True to my word, I watched August: Osage County this weekend.  Everyone has heard the reviews on how this movie failed to deliver, but I actually genuinely enjoyed the movie.  I may be biased by fangirl status over Meryl Streep and I may be lenient, but I did enjoy the viewing experience I had.  

The film is an adaptation of Tracy Letts’ Pulitzer-winning stage production. The actors and actresses each took their characters on emotional roller-coasters, which I think some might have thought to be “exaggerated” acting.  I don’t really think this was this case.  I think this emotional roller-coaster was a by-product of the fact that the movie was originally a stage production (and it is customary for the stage actors and actresses to exaggerate the feelings of their characters in order to embody the auditorium they are in and for the audience to experience the play).  I think this was also in part due to the fact that the plot was so tragic; it was a story of drugs, alcoholism, incest, infidelity, and  lies.  Every character in that family had a tragic story or was just a lost cause, doomed to a shit life. (As a side note, I didn’t find the movie to be as emotionally draining as I expected it to be; I’m probably desensitized by all the Tennessee Williams I have read.)

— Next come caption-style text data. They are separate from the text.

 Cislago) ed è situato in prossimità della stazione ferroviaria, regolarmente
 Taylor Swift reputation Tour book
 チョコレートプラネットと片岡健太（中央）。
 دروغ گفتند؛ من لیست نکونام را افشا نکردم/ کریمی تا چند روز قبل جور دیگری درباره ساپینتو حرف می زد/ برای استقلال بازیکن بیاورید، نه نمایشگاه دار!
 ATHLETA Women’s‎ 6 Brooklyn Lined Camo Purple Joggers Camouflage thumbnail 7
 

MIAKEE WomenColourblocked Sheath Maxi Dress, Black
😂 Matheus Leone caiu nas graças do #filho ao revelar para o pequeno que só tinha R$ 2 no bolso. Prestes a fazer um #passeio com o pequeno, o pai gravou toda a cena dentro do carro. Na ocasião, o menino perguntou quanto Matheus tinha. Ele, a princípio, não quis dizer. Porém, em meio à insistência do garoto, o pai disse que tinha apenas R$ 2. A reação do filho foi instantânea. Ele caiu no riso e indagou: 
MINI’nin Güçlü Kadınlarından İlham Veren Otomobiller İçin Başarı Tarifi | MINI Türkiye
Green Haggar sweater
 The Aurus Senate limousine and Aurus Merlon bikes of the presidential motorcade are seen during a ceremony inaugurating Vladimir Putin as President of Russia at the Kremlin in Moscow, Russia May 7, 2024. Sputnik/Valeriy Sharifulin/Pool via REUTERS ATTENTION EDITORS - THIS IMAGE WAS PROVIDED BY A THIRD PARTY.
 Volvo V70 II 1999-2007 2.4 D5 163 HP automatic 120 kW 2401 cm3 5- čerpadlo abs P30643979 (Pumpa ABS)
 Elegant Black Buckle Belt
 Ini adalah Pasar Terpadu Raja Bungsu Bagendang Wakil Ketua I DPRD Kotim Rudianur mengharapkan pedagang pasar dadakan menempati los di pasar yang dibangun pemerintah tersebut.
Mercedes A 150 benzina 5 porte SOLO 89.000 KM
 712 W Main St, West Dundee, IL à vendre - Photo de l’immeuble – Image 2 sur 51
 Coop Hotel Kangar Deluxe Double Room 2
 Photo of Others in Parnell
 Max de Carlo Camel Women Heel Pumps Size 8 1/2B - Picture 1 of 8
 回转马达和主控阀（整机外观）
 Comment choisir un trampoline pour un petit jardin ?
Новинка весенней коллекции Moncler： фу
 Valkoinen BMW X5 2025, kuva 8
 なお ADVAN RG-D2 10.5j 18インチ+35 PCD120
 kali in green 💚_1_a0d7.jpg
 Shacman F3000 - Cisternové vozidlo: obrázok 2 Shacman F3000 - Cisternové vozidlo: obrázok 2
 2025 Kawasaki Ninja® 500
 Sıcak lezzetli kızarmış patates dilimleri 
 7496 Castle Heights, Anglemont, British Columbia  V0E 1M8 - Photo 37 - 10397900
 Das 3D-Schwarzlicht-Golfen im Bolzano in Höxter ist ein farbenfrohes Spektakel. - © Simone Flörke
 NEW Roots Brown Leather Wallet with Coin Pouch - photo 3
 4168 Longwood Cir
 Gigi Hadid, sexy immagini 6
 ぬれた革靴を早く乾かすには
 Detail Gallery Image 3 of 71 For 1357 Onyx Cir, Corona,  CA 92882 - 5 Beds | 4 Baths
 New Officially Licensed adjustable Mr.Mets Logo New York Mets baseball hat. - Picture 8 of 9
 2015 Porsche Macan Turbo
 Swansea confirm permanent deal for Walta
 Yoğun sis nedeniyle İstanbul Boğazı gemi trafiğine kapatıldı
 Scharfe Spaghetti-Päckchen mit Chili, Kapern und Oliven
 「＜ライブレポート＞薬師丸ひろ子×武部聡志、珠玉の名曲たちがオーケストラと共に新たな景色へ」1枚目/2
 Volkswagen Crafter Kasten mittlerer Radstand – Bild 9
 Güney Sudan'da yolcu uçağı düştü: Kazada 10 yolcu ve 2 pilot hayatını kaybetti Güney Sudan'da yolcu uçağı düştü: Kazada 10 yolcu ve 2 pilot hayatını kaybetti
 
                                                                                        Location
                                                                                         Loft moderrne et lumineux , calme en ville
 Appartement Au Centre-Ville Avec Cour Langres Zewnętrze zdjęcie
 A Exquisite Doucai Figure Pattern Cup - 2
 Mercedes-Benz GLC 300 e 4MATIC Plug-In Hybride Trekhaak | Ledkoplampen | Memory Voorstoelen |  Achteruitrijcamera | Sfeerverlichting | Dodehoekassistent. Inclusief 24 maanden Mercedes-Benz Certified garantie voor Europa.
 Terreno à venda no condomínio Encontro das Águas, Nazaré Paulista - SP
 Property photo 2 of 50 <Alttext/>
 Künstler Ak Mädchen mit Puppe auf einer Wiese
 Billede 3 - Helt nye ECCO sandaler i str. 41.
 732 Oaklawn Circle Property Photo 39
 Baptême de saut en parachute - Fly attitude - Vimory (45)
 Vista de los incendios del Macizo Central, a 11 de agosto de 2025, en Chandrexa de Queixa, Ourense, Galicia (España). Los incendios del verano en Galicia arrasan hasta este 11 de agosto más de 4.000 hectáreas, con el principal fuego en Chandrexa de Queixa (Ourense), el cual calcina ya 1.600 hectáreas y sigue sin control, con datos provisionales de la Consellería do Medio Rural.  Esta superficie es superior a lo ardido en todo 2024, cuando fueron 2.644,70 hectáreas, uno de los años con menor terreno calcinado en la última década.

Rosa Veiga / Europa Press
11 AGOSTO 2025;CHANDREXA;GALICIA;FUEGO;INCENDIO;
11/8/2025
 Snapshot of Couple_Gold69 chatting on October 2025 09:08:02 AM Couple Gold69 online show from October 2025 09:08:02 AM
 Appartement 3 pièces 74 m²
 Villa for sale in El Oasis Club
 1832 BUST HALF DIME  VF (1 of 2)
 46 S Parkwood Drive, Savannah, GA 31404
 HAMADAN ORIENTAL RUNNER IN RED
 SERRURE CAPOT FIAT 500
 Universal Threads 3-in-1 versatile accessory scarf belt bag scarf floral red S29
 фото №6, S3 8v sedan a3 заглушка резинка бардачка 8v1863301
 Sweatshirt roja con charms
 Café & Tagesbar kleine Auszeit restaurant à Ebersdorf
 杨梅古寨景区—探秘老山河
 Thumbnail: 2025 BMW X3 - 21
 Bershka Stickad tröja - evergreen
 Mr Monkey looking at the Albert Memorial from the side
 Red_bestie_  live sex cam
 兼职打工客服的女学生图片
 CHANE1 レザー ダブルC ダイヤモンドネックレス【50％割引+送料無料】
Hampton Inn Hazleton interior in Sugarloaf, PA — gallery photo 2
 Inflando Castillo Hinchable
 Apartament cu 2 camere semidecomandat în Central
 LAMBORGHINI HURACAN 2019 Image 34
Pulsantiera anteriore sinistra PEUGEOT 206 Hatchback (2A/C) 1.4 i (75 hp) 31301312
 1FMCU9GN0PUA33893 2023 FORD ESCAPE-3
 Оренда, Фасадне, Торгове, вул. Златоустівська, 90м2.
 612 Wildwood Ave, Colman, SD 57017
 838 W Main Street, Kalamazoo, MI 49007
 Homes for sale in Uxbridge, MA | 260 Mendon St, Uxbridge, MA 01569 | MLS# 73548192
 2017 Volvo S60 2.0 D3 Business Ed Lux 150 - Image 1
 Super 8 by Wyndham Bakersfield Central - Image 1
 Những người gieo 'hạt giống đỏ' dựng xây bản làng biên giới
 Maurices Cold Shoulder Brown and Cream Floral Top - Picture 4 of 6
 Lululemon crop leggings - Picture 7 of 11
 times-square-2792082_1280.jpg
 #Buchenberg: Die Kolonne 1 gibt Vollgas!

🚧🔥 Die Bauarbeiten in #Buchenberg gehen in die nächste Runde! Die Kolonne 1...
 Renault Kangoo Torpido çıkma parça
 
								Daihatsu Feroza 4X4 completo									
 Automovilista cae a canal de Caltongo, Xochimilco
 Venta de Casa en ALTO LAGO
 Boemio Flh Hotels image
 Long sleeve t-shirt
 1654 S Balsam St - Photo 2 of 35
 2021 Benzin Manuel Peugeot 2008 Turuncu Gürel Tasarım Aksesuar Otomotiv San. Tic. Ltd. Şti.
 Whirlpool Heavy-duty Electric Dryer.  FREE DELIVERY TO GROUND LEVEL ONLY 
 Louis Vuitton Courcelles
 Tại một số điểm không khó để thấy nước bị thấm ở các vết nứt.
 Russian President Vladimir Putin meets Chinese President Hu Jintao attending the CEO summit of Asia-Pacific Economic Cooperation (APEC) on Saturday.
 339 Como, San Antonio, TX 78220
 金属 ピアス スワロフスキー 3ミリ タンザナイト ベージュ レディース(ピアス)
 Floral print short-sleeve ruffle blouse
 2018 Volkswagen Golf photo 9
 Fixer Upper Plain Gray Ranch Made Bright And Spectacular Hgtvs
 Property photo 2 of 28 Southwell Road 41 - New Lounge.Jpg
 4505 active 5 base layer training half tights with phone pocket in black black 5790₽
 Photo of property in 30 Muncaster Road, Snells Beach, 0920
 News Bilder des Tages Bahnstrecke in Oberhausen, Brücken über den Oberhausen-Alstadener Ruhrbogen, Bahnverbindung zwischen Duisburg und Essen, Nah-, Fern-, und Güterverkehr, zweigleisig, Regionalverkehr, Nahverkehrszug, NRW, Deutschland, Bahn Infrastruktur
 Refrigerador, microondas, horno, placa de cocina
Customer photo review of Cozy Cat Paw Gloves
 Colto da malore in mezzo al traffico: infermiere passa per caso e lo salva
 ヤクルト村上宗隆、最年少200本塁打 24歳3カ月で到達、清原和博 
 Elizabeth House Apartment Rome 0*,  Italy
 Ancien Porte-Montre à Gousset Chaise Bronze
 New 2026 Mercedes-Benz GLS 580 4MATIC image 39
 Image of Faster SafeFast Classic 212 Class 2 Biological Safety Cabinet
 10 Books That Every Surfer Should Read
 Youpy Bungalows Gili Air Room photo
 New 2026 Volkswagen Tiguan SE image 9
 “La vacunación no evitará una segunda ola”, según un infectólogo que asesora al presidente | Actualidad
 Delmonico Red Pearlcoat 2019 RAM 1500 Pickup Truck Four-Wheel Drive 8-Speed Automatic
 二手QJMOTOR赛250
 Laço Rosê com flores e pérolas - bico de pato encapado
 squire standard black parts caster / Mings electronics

At the end of this, I felt like this was Julia Roberts’ movie, purely because her character Barbara was the central character.  She was the most (if only) dynamic character in the play and she was the one involved in almost every conflict in the movie.  Barbara’s interaction with every character in the movie, especially Violet (Meryl Streep) was superb.  She was not the quintessential eldest sister (Elinor from Sense and Sensibility seems to strike me as that quintessential eldest sister), but her rough and brusque manner in confronting all of the family issues, including her own, made her a very memorable character.  I just got to say though, that the last scene before she drives back to Colorado, her “acceptance that life is shitty but we move on” scene, was kind of just there; I didn’t feel particularly moved by it.  

Finally, Meryl Streep, who was just amazing.  I’m not saying it was her best performance ever, but she really was Violet: the insanity, the addiction, the slow descent into madness.  The way she just picked at everyone’s grief, peeled away the bandages slowly, to make them hurt.  I think it was just that saying that misery loves company; she was a lonely, miserable woman, losing touch with reality.  In any case, Violet was the foil for every other character, and Streep did a really good job.

The movie was overall sad, as everyone would expect it to be, but it did have humor (tragic humor, true, but laugh-out-loud humor regardless).  I enjoyed it, and I recommend it.